For centuries, remembrance took the form of something tangible, perhaps a faded photograph or a hand written letter. They helped preserve the memories of the person without pretending to resurrect them. On the other hand, AI Chatbots, when answering in a deceased person’s voice or conversational style, simply simulate continued existence rather than preserving memory. It creates an illusion that the person is still there, still responding. This illusion has opened up flaws in Indian legal frameworks that were present but never confronted.
CONSENT AND POSTHUMOUS AUTONOMY:
The first major legal issue concerns consent. Most individuals do not expressly consent to their personal data being used for AI replications after death. Messages, voice notes, photographs are usually created within interpersonal context, and not with the expectation of posthumous technological reproduction and recreation. This leads us to an important question: Who can authorise Digital Resurrection?
Family members may claim emotional or relational interests in preserving the deceased, but many dispute this claim as family rights override individual privacy concerns. On the other hand, technology companies may argue, that access to user data or platform permissions enables such innovation and is acceptable.
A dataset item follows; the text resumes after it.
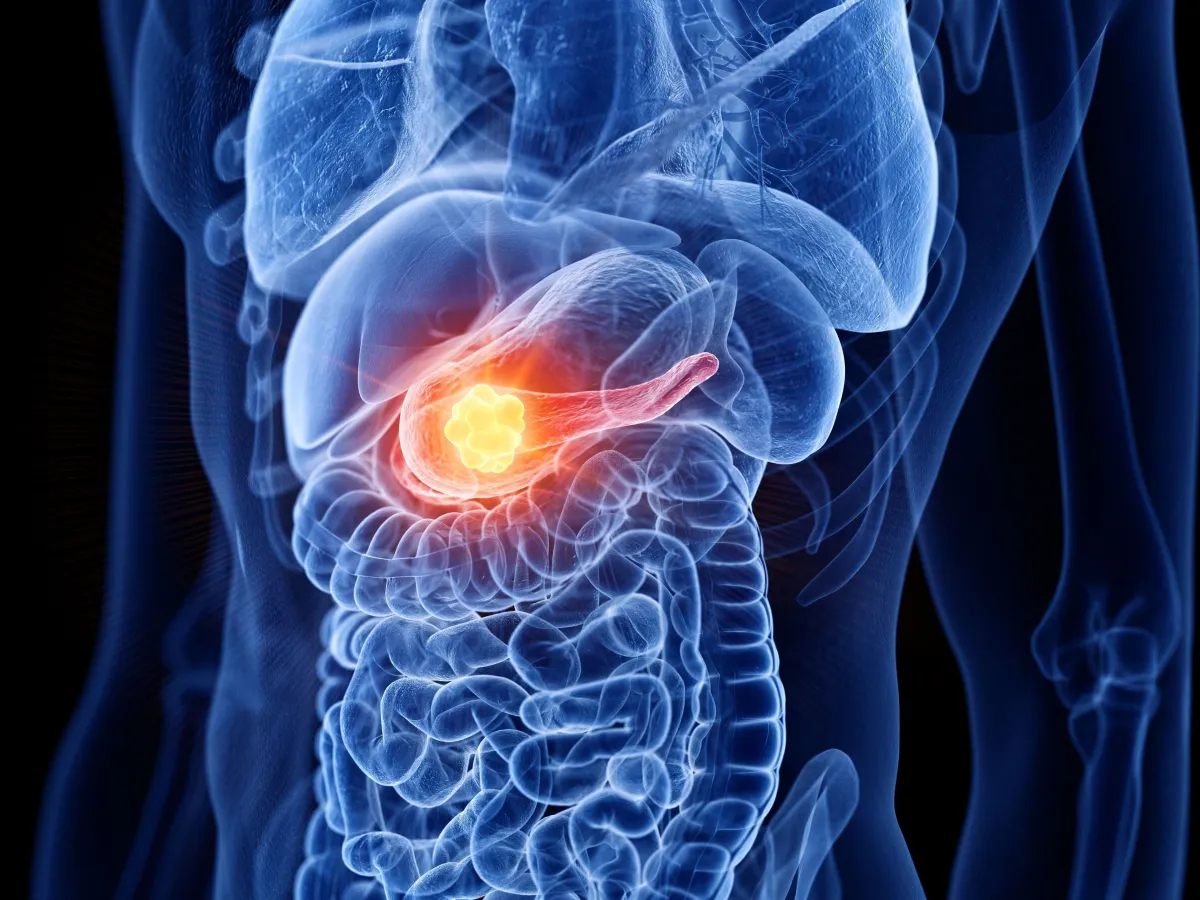 Tratamento experimental reduz risco de morte e anima especialistas em oncologia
However, neither reflects the wishes of the deceased.[2]
This absence of clear posthumous consent mechanisms means that decisions around digital replication are, in practice, shaped by intermediaries such as platforms and family members, rather than any recognised expression of the individual’s own will. As such, consent quickly merges into questions of ongoing control over personal data once it is used to reconstruct identity. This brings the issue into concerns of privacy, dignity, and informational autonomy under Article 21.
PRIVACY, DIGNITY AND INFORMATION CONTROL:
Indian courts haven’t yet dealt with Digital Resurrection cases directly, but that doesn’t mean the law is silent. Existing constitutional principles and case laws can guide us. They just need to be applied to this new reality.
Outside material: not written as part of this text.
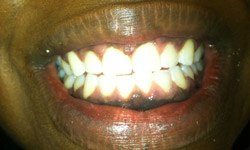 Smile after cosmetic dentistry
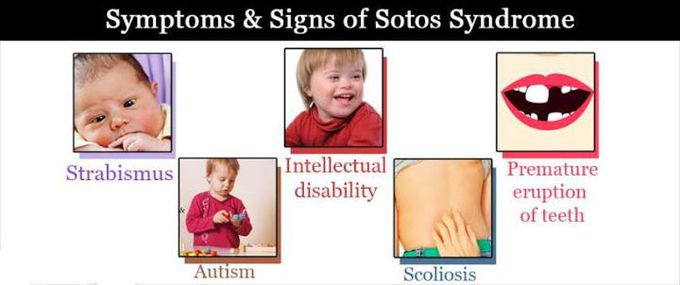 These are the symptoms and signs of Sotos syndrome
In Justice K.S. Puttaswamy v. Union of India[3], the Supreme Court recognised privacy as a fundamental right under Article 21 of the Indian Constitution, affirming that privacy includes dignity and autonomy. This is especially relevant as Digital Resurrection fundamentally depends on personal data. Which means unauthorized use of such data is a violation of fundamental rights. However, Puttaswamy does not explicitly address whether privacy survives death, thus creating a doctrinal gap.
Similarly in R. Rajagopal v. State of Tamil Nadu[4], the Supreme court recognised an individual’s right to protect aspects of their private life from unauthorised publication.
Although these cases concern living individuals, their reasoning supports a broader principle: identity related information should not be exploitable merely because it exists.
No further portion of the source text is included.